Run this recovery process periodically, perhaps every minute. It catches jobs abandoned by crashed workers and returns them to the queue for another attempt. The retry counter ensures jobs do not retry forever even if workers keep crashing.
- Redis
- Python
- TypeScript
- Go
# Find jobs processing for more than 5 minutes (300 seconds)
# Current time is 1699900360, so cutoff is 1699900060
ZRANGEBYSCORE jobs:processing:times -inf 1699900060
> ["job_123", "job_456"]
# For each stuck job, find it in the processing list and requeue
# This requires knowing the full job data, so store job_id -> job_data mapping
# or scan the processing list
PROCESSING_TIMEOUT = 300 # 5 minutes
def recover_stuck_jobs(client):
"""Find and requeue jobs stuck in processing."""

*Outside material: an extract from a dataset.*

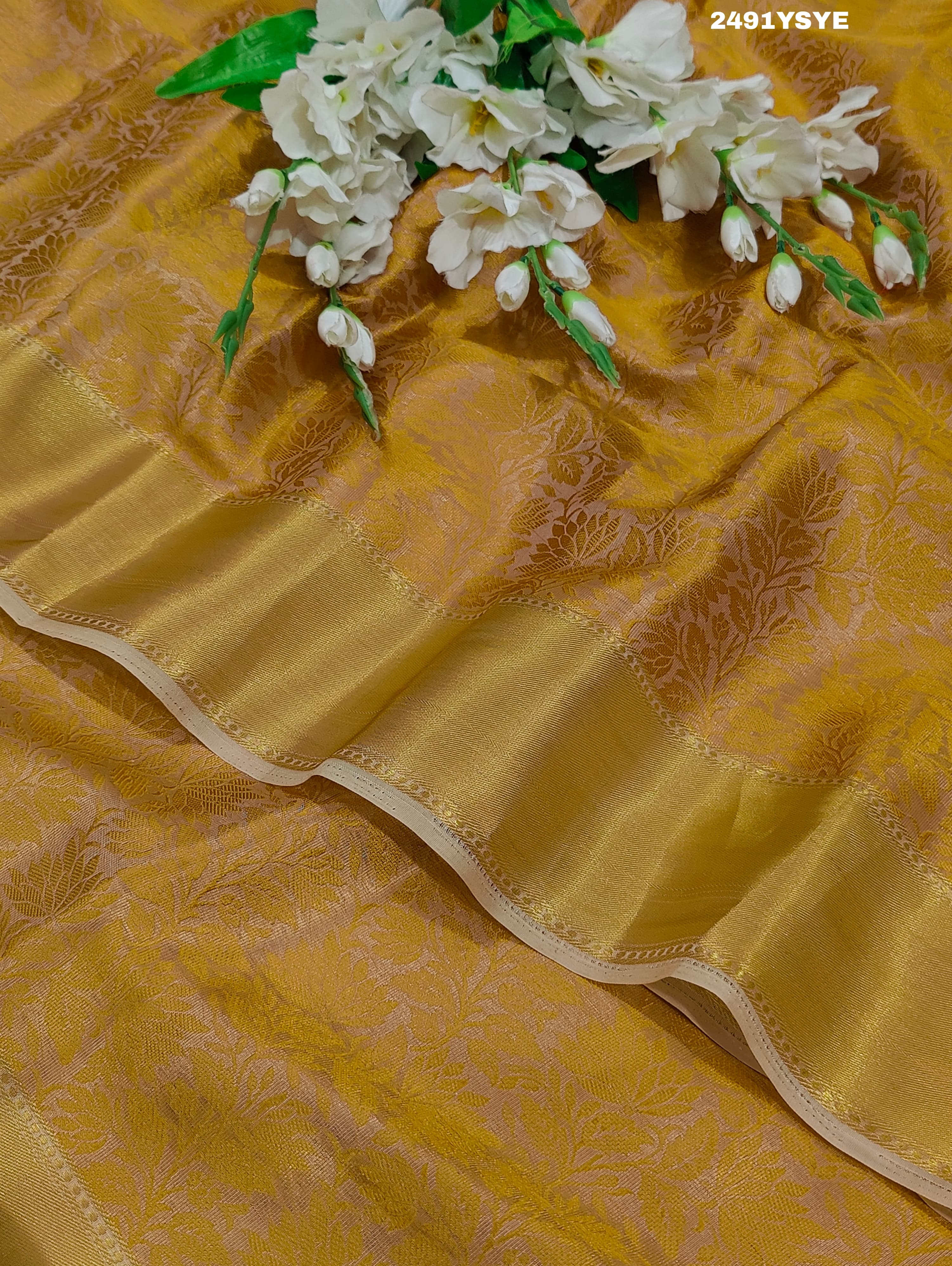 By New Latest Tissue Silk Banarasi Style With Zari Border Work Saree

cutoff = time.time() - PROCESSING_TIMEOUT
# Find jobs that have been processing too long
stuck_job_ids = client.zrangebyscore('jobs:processing:times', '-inf', cutoff)
for job_id in stuck_job_ids:
# Find the job in the processing list
processing_jobs = client.lrange('jobs:processing', 0, -1)
for job_data in processing_jobs:
job = json.loads(job_data)
if job['id'] == job_id:
# Treat as a failure and use nack logic
nack_job(client, job, job_data, 'Processing timeout')
break
const PROCESSING_TIMEOUT = 300; // 5 minutes
async function recoverStuckJobs(client: Redis) {
const cutoff = Date.now() / 1000 - PROCESSING_TIMEOUT;
// Find jobs that have been processing too long
const stuckJobIds = await client.zrangebyscore('jobs:processing:times', '-inf', cutoff);
for (const jobId of stuckJobIds) {
// Find the job in the processing list
const processingJobs = await client.lrange('jobs:processing', 0, -1);
for (const jobData of processingJobs) {
const job = JSON.parse(jobData);
if (job.id === jobId) {
// Treat as a failure and use nack logic
await nackJob(client, job, jobData, 'Processing timeout');
break;
}
}
}
}
const processingTimeout = 5 * time.Minute
func recoverStuckJobs(ctx context.Context, client *redis.Client) {
cutoff := float64(time.Now().Add(-processingTimeout).Unix())
// Find jobs that have been processing too long
stuckJobIDs, _ := client.ZRangeByScore(ctx, "jobs:processing:times", &redis.ZRangeBy{
Min: "-inf",
Max: fmt.Sprintf("%f", cutoff),
}).Result()
for _, jobID := range stuckJobIDs {
// Find the job in the processing list
processingJobs, _ := client.LRange(ctx, "jobs:processing", 0, -1).Result()
for _, jobData := range processingJobs {
var job map[string]interface{}
json.Unmarshal([]byte(jobData), &job)
if job["id"] == jobID {
// Treat as a failure and use nack logic
nackJob(ctx, client, job, jobData, "Processing timeout")
break
}
}
}
}
When to use this pattern
This reliable queue pattern works well for moderate workloads where you need job persistence without external dependencies. It handles worker crashes gracefully, supports retries with backoff, and provides visibility into stuck jobs. The implementation uses only basic Redis commands and is easy to understand and debug.
For high-throughput scenarios or when you need consumer groups, message IDs, and built-in acknowledgment tracking, consider Redis Streams. Streams provide these features natively with better performance for complex use cases. But for many applications, this simple list-based pattern provides enough reliability without the added complexity.